QuITE: Query-based Irregular Time Series Embedding¶

Conference: ICML 2026
arXiv: 2605.28166
Code: To be confirmed
Area: Time Series / Irregular Sampling
Keywords: Irregular Time Series, Embedding, Multivariate Forecasting, Query Tokens

TL;DR¶

QuITE is a plug-and-play embedding module that aggregates irregular observations into fixed-dimensional representations using learnable query tokens via self-attention. It adapts arbitrary multivariate time series (MTS) models to irregular MTS (IMTS) without architectural modifications or artificial value generation, achieving an average relative improvement of 54.7% on iTransformer + QuITE.

Background & Motivation¶

Background: Irregular multivariate time series (IMTS) are prevalent in domains such as healthcare, climate, and industrial monitoring. Existing methods are categorized into architecture-based designs (e.g., GRU-D, Latent ODE, GNN), which develop specialized structures for irregularity, and data-adaptation methods (e.g., mTAND, IP-Nets), which interpolate IMTS onto regular grids.

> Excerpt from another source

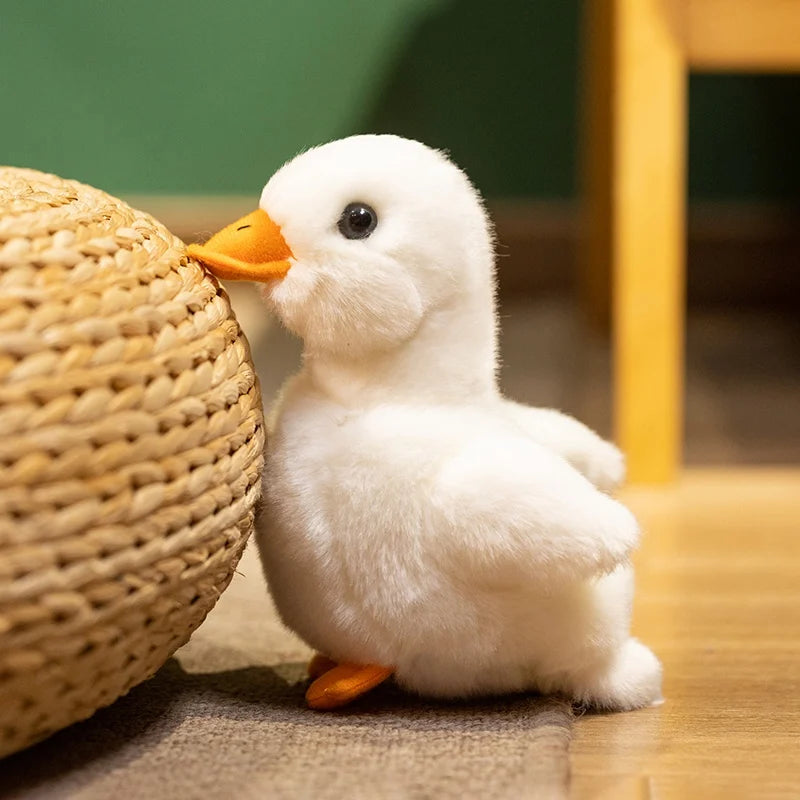 Realistic duck stuffed animal size comparison with adult hand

Limitations of Prior Work: Architecture-based methods cannot leverage powerful, well-validated MTS backbones (e.g., PatchTST, iTransformer). Interpolation-based methods allow model reuse but distort true temporal dynamics by generating artificial values, leading to performance degradation. Both paradigms involve significant trade-offs.

Key Challenge: The primary bottleneck is not the architecture design of the backbone, but the input embedding layer. Traditional embedding schemes assume uniform sampling and are inherently incompatible with irregular inputs. Simple strategies like adding or concatenating time and value embeddings remain constrained by the uniform sampling paradigm. While attention mechanisms can capture interactions between irregular observations, their observation-level outputs require additional pooling to match the variable-level or patch-level representations expected by modern MTS models, which dilutes fine-grained temporal information.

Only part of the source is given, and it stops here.